I tend to mostly use dedicated servers from Hetzner for my own projects and for my client's projects. Whenever they explicitly want US servers, I tend to go with Vultr's dedicated servers which been serving us well for many years.
I've read several reports from customers saying that their customer service is really bad. Difficult to know with online reviews of course. Does anyone have positive stories to share? I am looking at Australian hosts specifically and Hetzner doesn't have any data centers here.
We use them heavily for test boxes and running experiments. Standard off-the-shelf machines are provisioned almost instantly, and never had any problems.
More custom stuff (eg 100Gb/s NICs) takes a bit longer, but they've always been super responsive and quick to sort out any issues!
The price / performance you get from something like their AX162 is just crazy, although unfortunately with the whole RAM / NVMe shortage the setup fee has gone up quite a lot.
Using them for production for years, never dissapointed.

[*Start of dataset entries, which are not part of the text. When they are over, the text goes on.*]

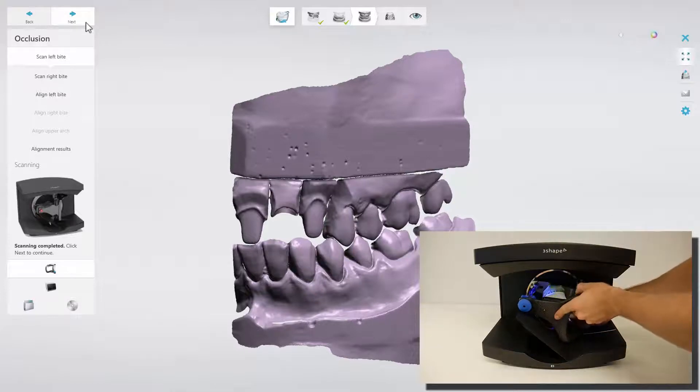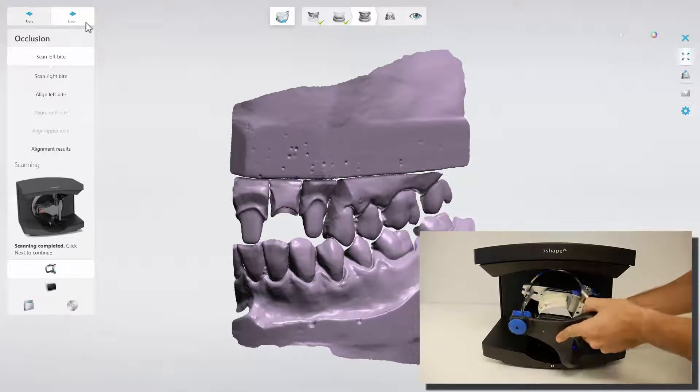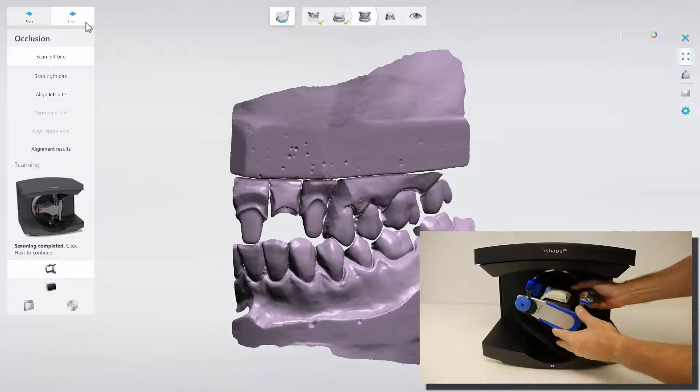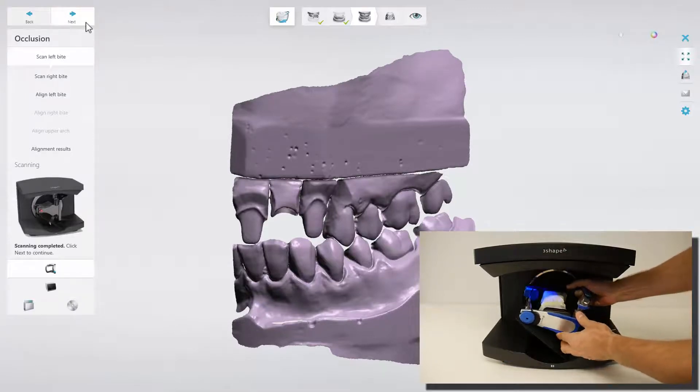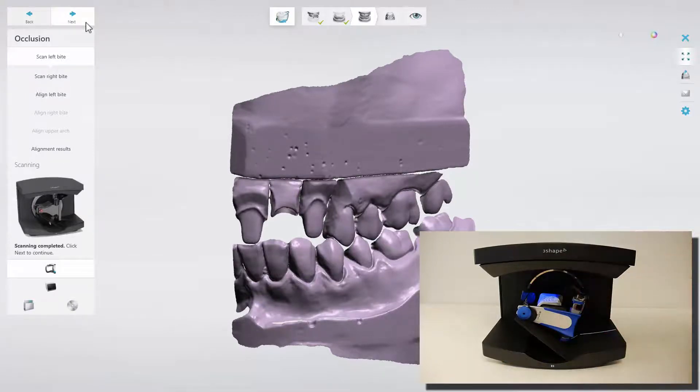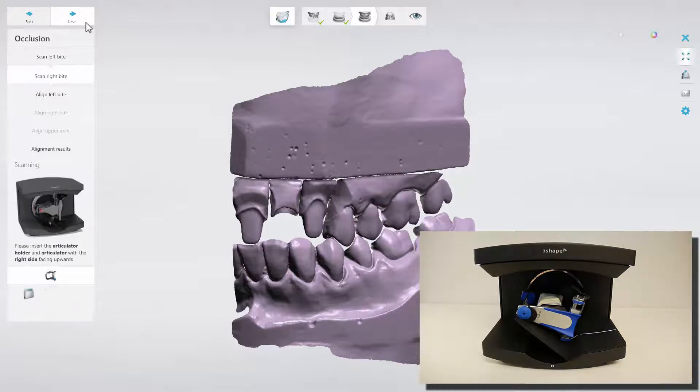Flip the Articulator to the other side and place it into the scanner. When it is ready, click Next.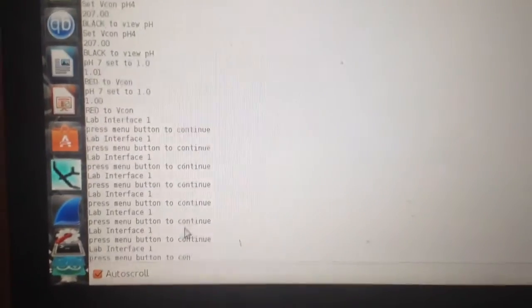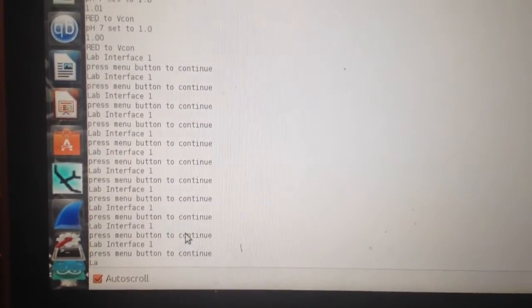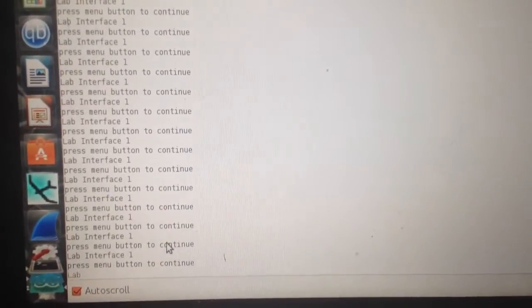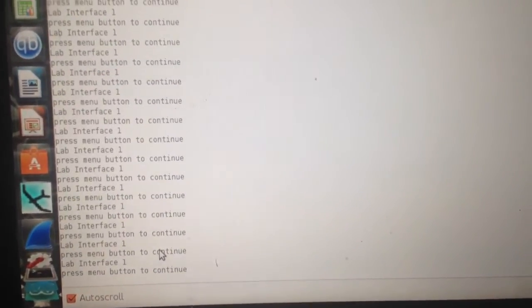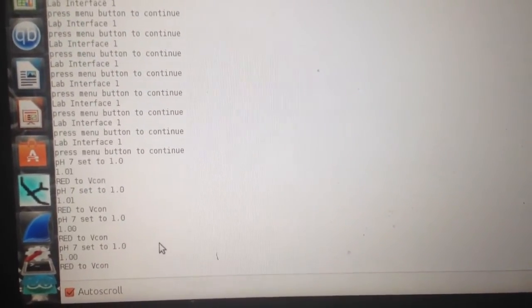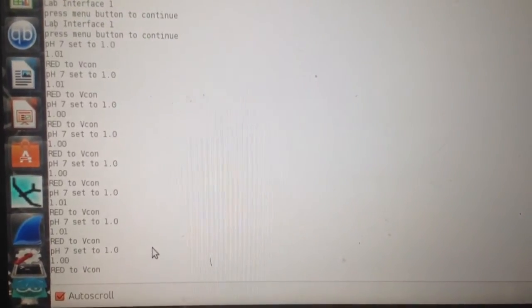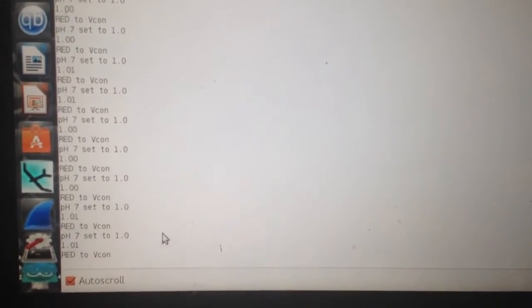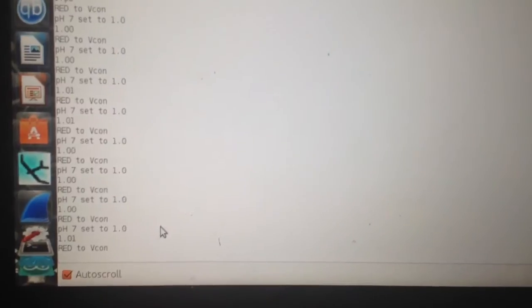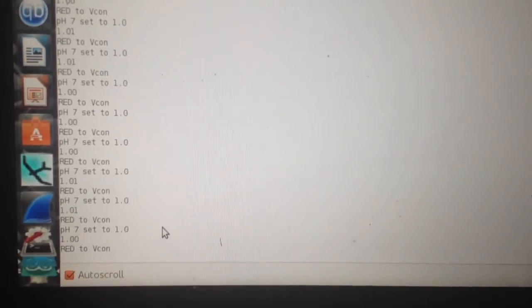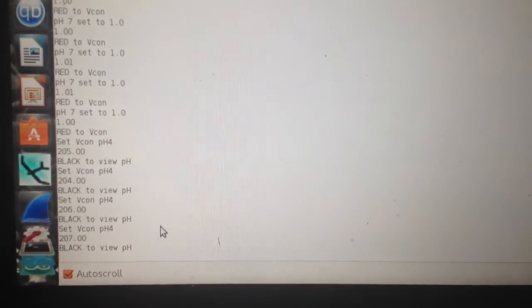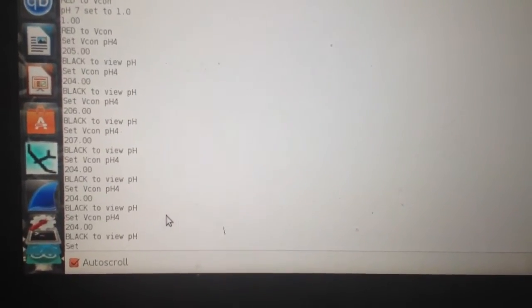You can see it says lab interface, press menu to continue. Once you do that, it'll tell you to set the pH 7 to 1. Then once you press the red button, it'll set the Vcon, which is the constant at pH 4.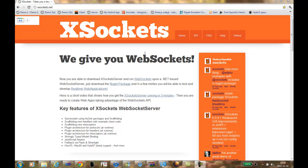Hi, my name is Magnus. I'm about to show you some progress on the XSocket.NET WebSocket server.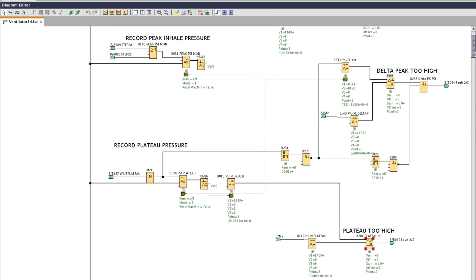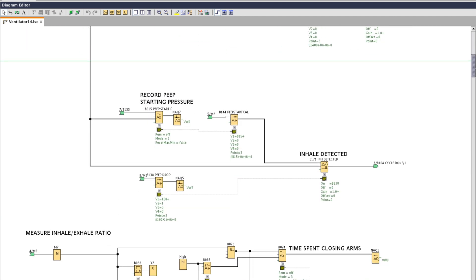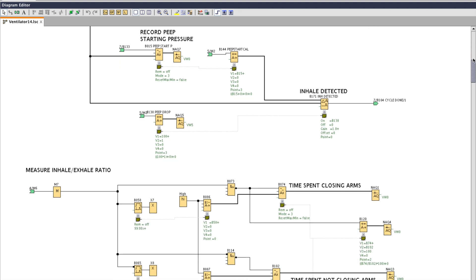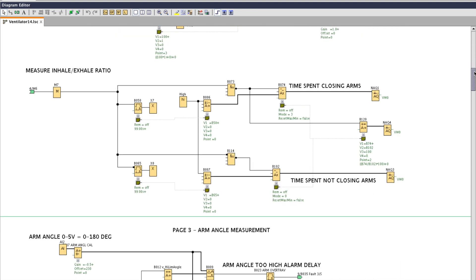If we scroll down you can see where we're recording the starting PEEP pressure in a sample and hold function and comparing it to the setpoint. And that's how we know when an inhale was detected. Scrolling down this is how we're measuring the I over E ratio. This is the number of milliseconds the arms are closing divided by the number of milliseconds that the arms are not closing.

What you should be aware of is their new exploration of s3 storage. I mean, the s3 works and everything but it's still too eaely - the servers are kind of slow and sometimes fail to upload/download. They are still tuning out the storage architecture. The api key management is kind of too primitive (although much more headache free than configuring aws), and the online file browser is lacking
But for vps servers - they are battletested veterans
Genoa was a big leap from Milan. Turin is a huge leap again. AMD really is doing spectacularly well at the moment. Kudos to Lisa Su and the team.
> Kudos to Lisa Su and the team.
They're a typical hardware maker unable to focus on software, which is why NVIDIA is now a multi-trillion dollar corporation and AMD is "just" a few hundred billion.
They've focused too much on CPUs and completely dropped the ball on AI and compute accelerators.
It's especially sad considering that the MI300 and related accelerators on paper are competitive with NVIDIA hardware, it's just that they have nowhere near the same software stack, so nobody cares.
Don’t really care.
We were stuck with Intel, its nice that we have better CPUs.
Yeah, remember when 4 core 8 threads were the high-end CPUs until AMD Ryzen came out? If AMD didn't do their best job then we're still stuck with the norm of 4 cores for more years as I can imagine.
AMD has to fight both Intel and Nvidia in the market. It chose to take on Intel and clearly it was a wise decision. You can’t win if you fight every battle at once against much stronger opponents.
And don’t get me started on the valuation of companies riding the AI bubble.
> completely dropped the ball on AI and compute accelerators
AMD produces AI chips, and they seem to be doing quite well.[0] If they didn't, AMD wouldn't be worth anywhere near what it is.
[0] https://openai.com/index/openai-amd-strategic-partnership/
Nvidia datacenter GPUs have awful software. If they focus on it they're not doing a good job.